With the pictures omitted, please transcribe exactly the lines beginning at the one that contains "Box of fence staples" and ending with the last line of the records below.

◇ ◇ ◇ ◇ ◇ ◇ ◇

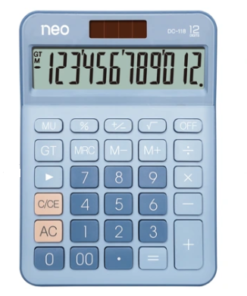 NEO เครื่องคิดเลข 12 หลัก นีโอ DC-118 สีฟ้า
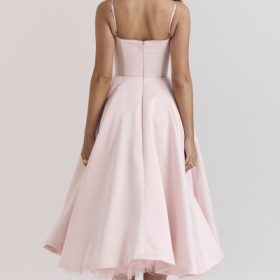 Mademoiselle Ballerina Pink Midi Dress - Image 13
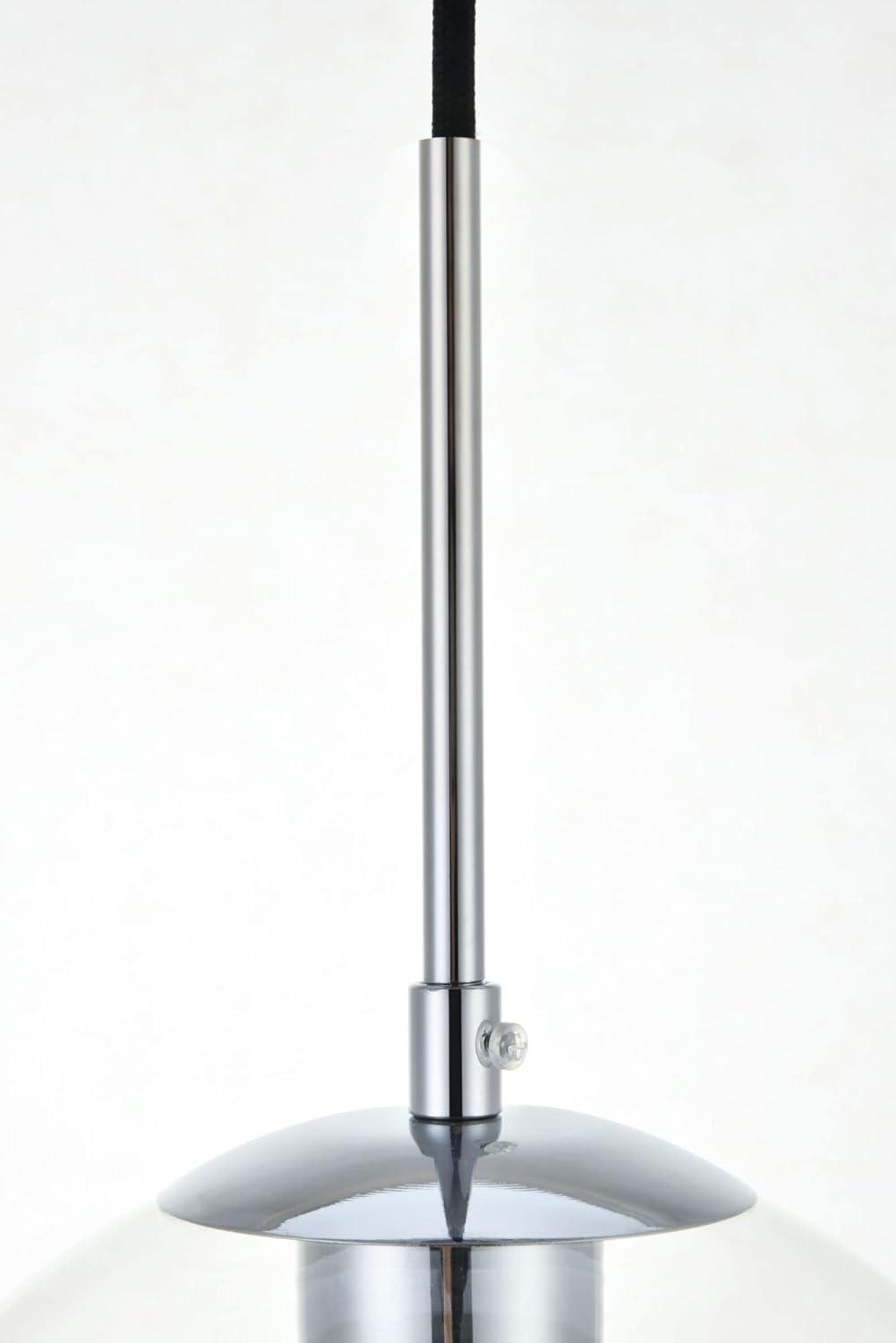 Elegant Lighting Baxter 3 Lights Brass Pendant With Clear Glass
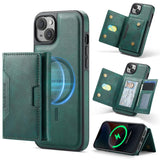 MAGKING K4 Series MagSafe RFID Tri-fold Card Bag Detachable Phone Case, For iPhone 15 Pro Max, For iPhone 15 Pro, For iPhone 15 Plus, For iPhone 15, For iPhone 14 Plus, For iPhone 14, For iPhone 14 Pro, For iPhone 14 Pro Max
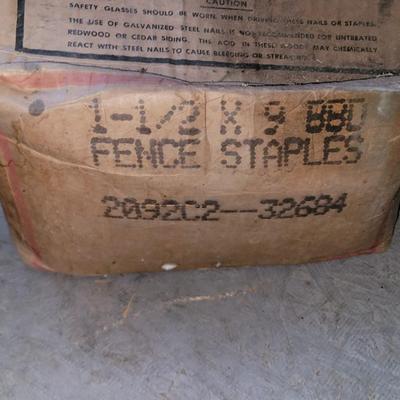 Box of fence staples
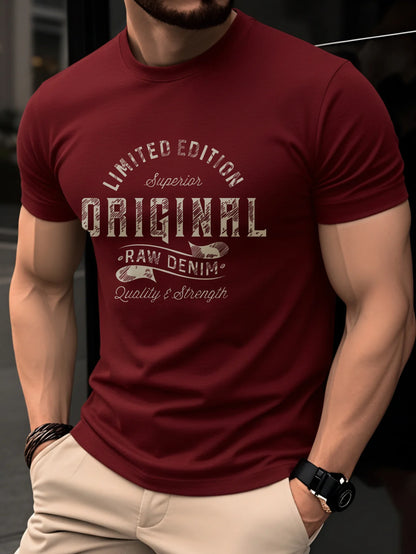 Men's Cycling Print T-Shirt – Cotton Casual Sports Tee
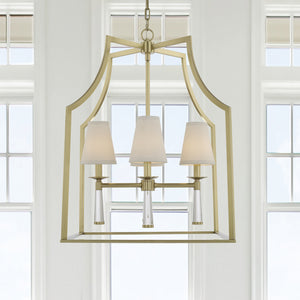 Crystorama - 8864-AG - Four Light Chandelier - Baxter - Aged Brass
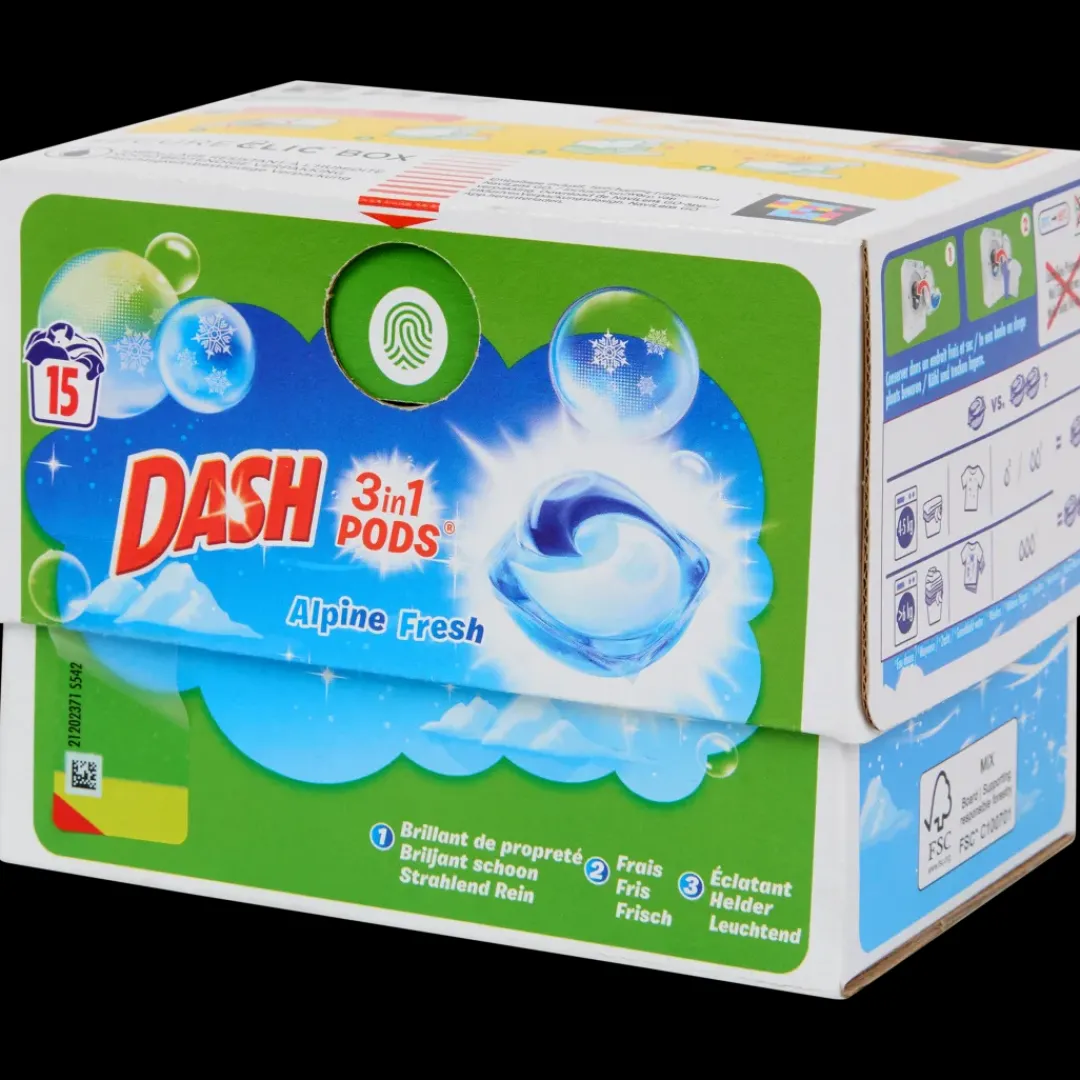 Dash Capsules de lessive 3-en-1 Alpine Fresh | Action FR Hot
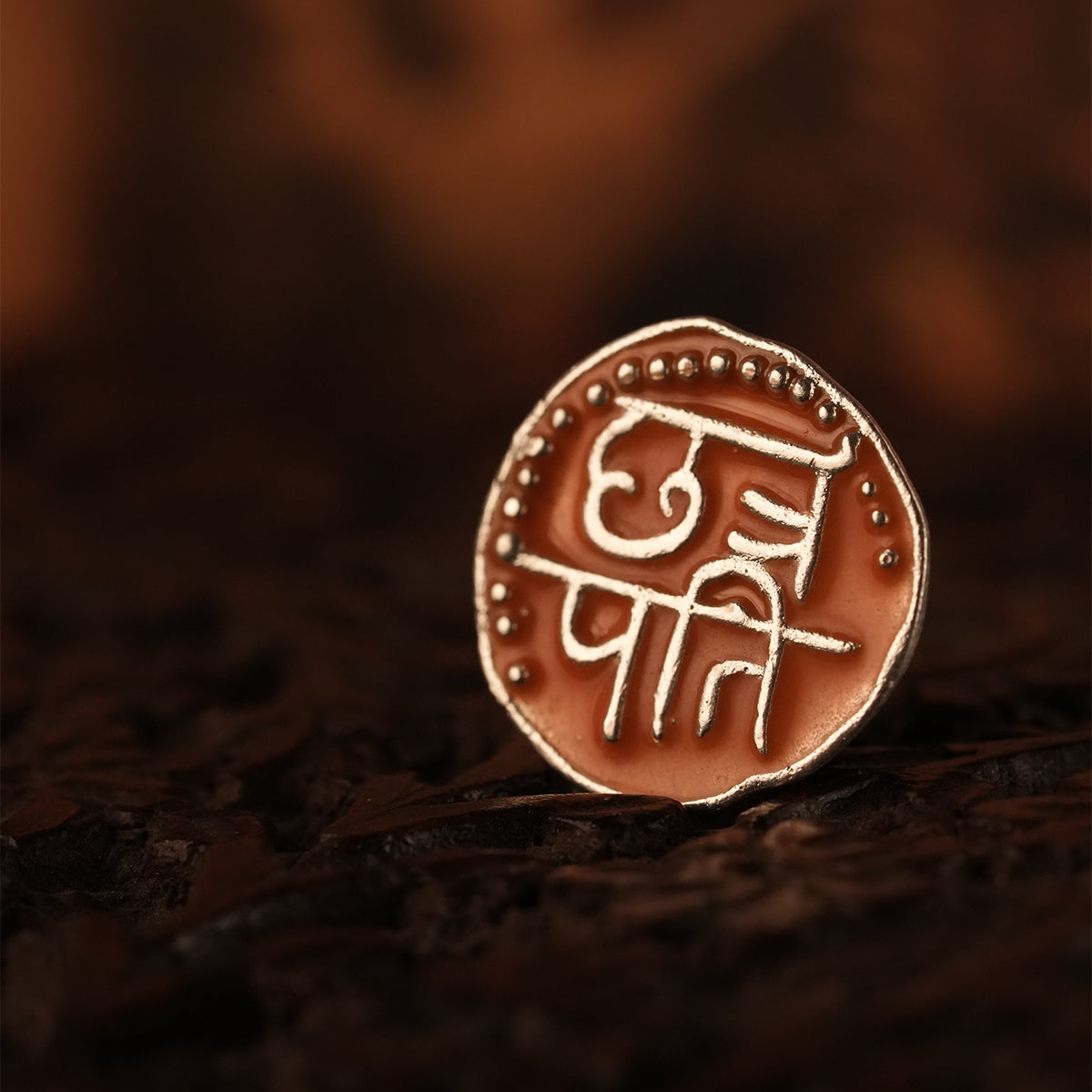 Chhatrapati Shivaji Silver Brooch Pin (Big) by MOHA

◇ ◇ ◇ ◇ ◇ ◇ ◇

Reply ->
 Box of fence staples
 Men's Cycling Print T-Shirt – Cotton Casual Sports Tee
 Crystorama - 8864-AG - Four Light Chandelier - Baxter - Aged Brass
 Dash Capsules de lessive 3-en-1 Alpine Fresh | Action FR Hot
 Chhatrapati Shivaji Silver Brooch Pin (Big) by MOHA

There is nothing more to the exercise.